The Borealis Experience
Reconnect to yourself and enjoy life on a deeper level
Hello there,
In this podcast I want to create a space for you where you can recharge your batteries, expand, grow and feel at home with yourself. I will take you on a journey that will get you with ease and effortlessness to a more peaceful state of being. Genuine, raw and transparent - always.
Meditations included
Enjoy it, cause you’re so worth it !
Love Aurora
Also..
A little bit about me
Trust me I’m far from feeling, behaving or being perfect.
Perfection is nothing I’m thriving for yet I can say I’m proud of my path/ life journey.

I'm no longer enslaved to my #depression
I'm no longer a #rapevictim
I no longer struggle with #eatingdisorder
I no longer feel the need to hold on to fear, anger and resentment towards men.
I #create podcast episodes and videos several times a week to support and inspire others even on days I feel poorly.
I push through hard times while being gentle on myself.

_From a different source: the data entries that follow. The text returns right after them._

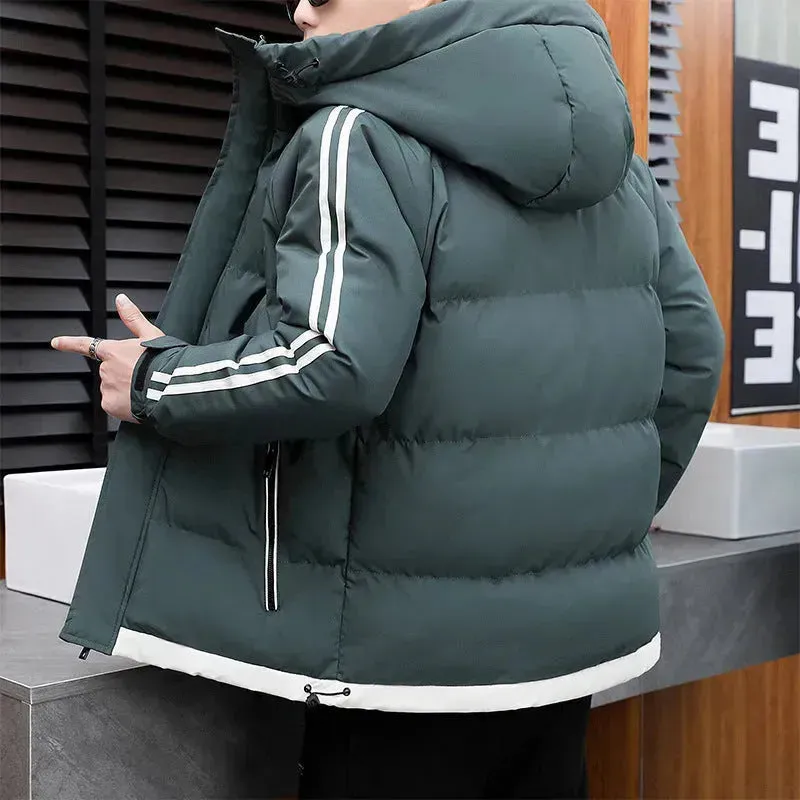 New Winter Cotton Padded Down Hoodie Winter Puffer Jacket Men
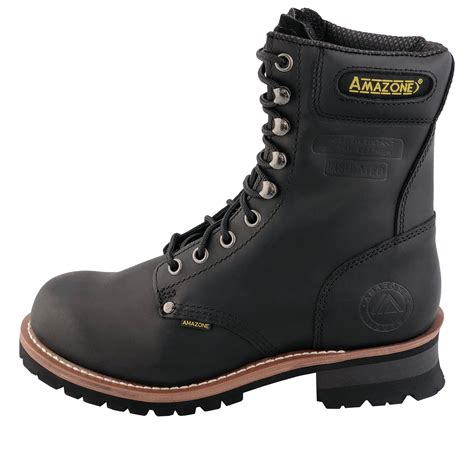 AMAZONE Men's Logger Work Boot, Premium Black Full Grain Leather ...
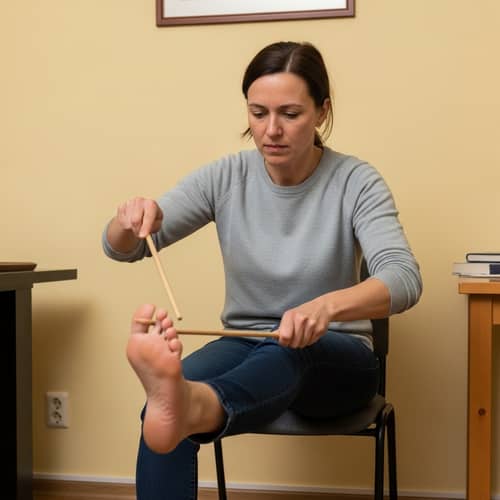 Caucasian Woman Striking Bare Feet with Wooden Stick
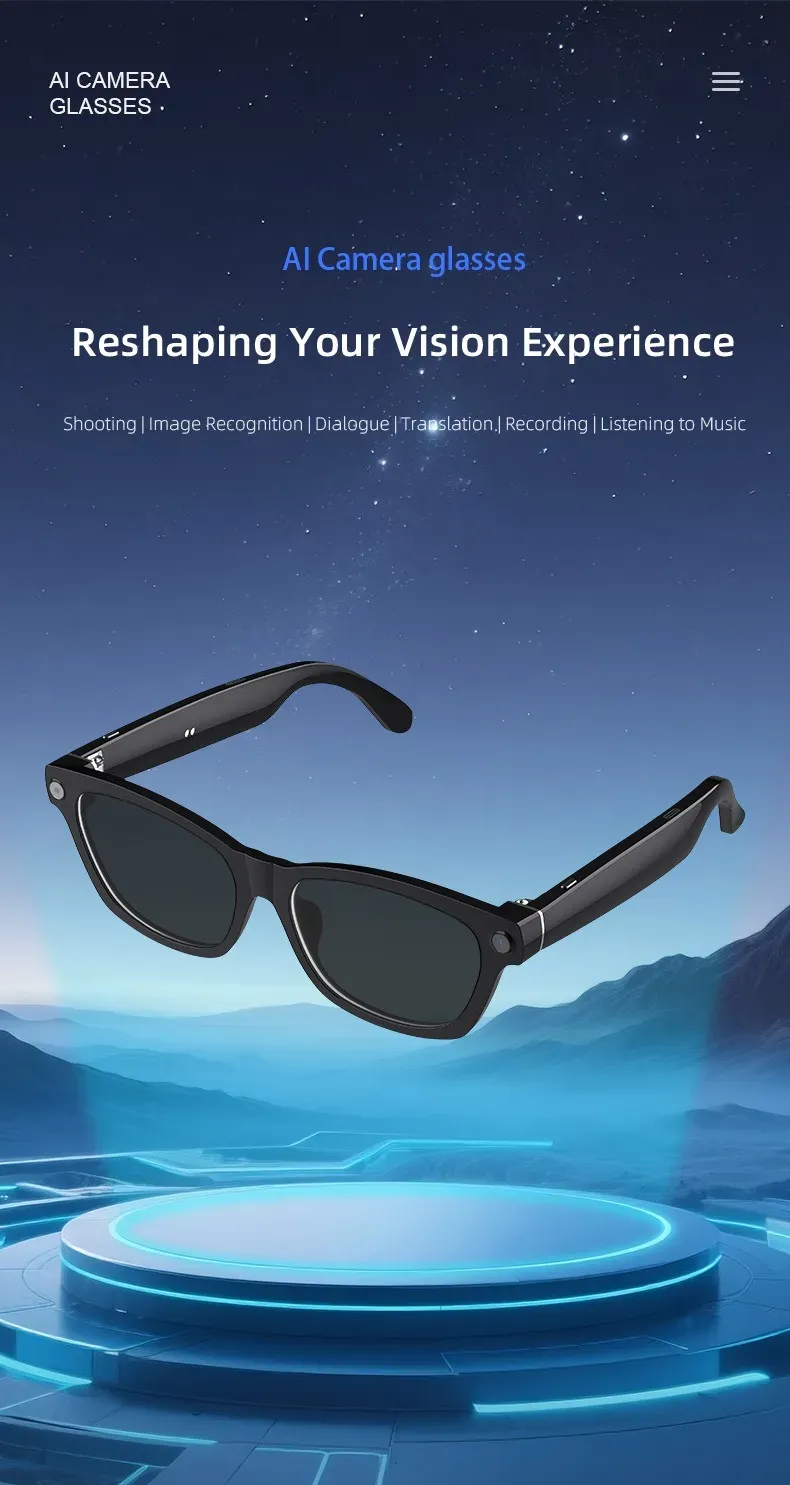 En Çok Satan Yapay Zeka Kameralı Akıllı Gözlük V03-T5, 8 MP HD Video Kaydı, Arama Müzik Fonksiyonları, Sesli Asistan ve_voghion.com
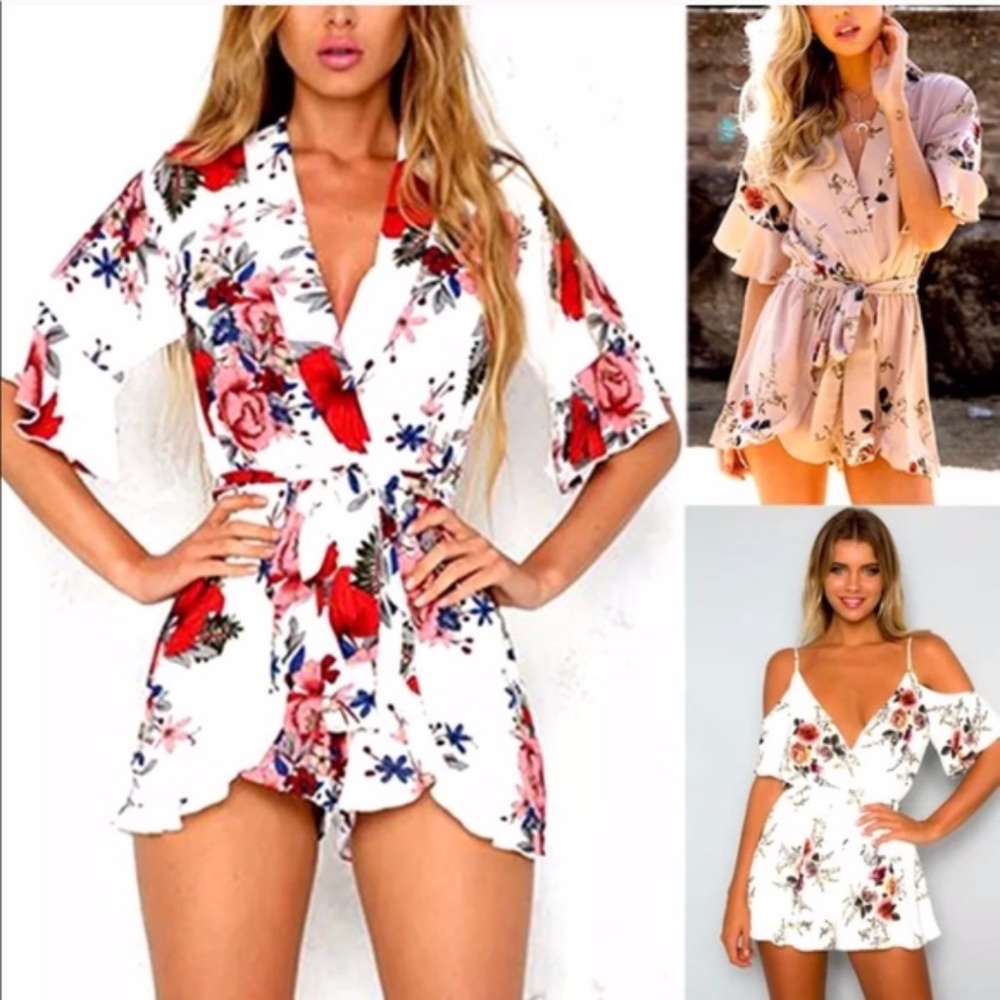 Sexy and Romantic Floral Low Cut Deep V Romper - Picture 2 of 2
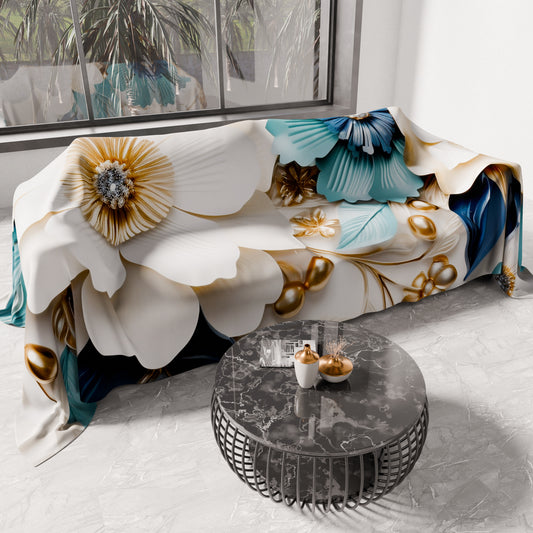 Telo Arredo Copridivano, Copriletto, Copritavolo e Copritutto in Microfibra | Fantasia Floreale 05-19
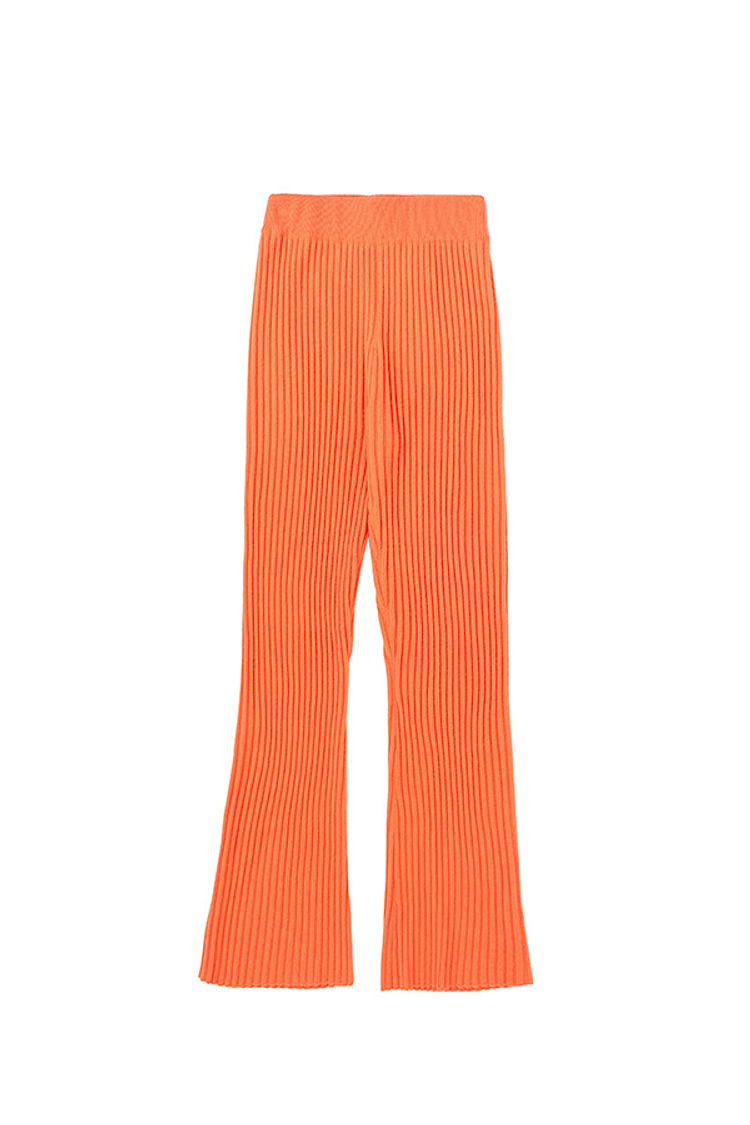 RIB FLARE PANTS_ORANGE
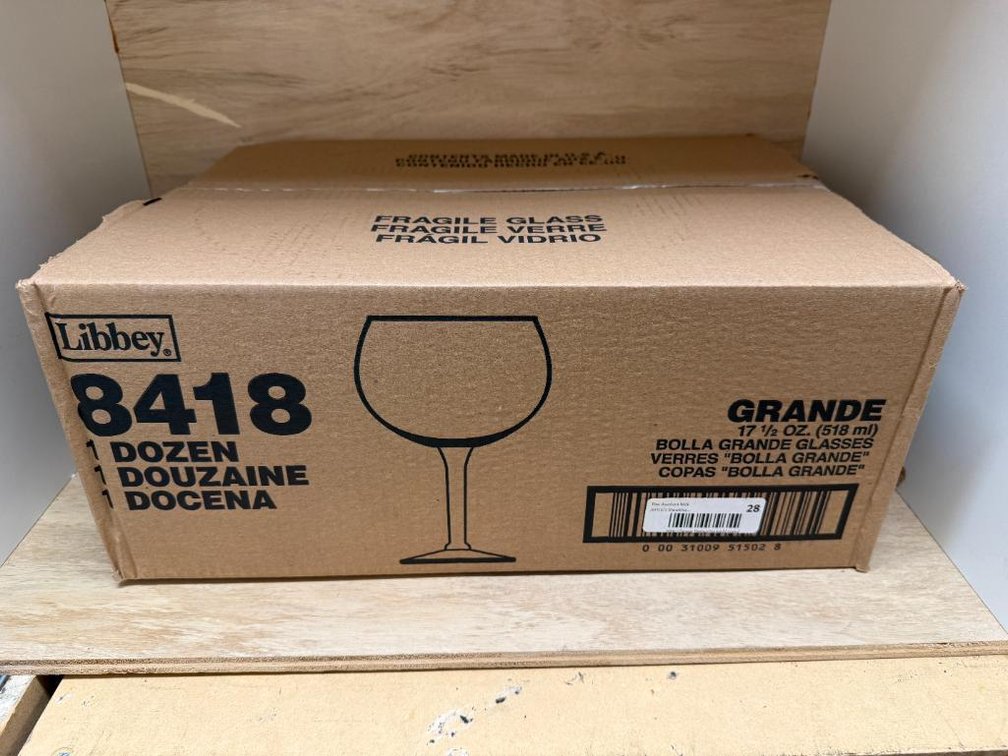 Case of 12, Libbey No. 8418Grande 17-1/2oz Bolla Grande Glasses, Stemware, Red Wine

I'm able to be consistent without feeling drained for the first time in my life because I found something that brings me joy and excitement and stills my hunger to support people out there.

I try my best to understand people’s harsh opinions that are not in alignment with my values .

I learn every day on how to express myself better in a foreign language

I no longer use being bullied back then in school as an excuse in life to not show up for myself or others.

I ask questions, really annoying questions, in order to experience my environment and to find out what is best for me and my people around me ..
Yes, I still feel triggered in many situations.
Yes, I feel depressed and discouraged at times but I embrace it and don’t let it define me anymore.

Doing all this allows me to meet incredible people along the way.

People who:
- inspire me
- encourage me and ignite my deep compassion

I'm grateful for all of you and I’m so happy that I can learn from you and grow together with you .

We are all together in this beautiful mess called life
Thank you for being here

Lots of love and respect
A.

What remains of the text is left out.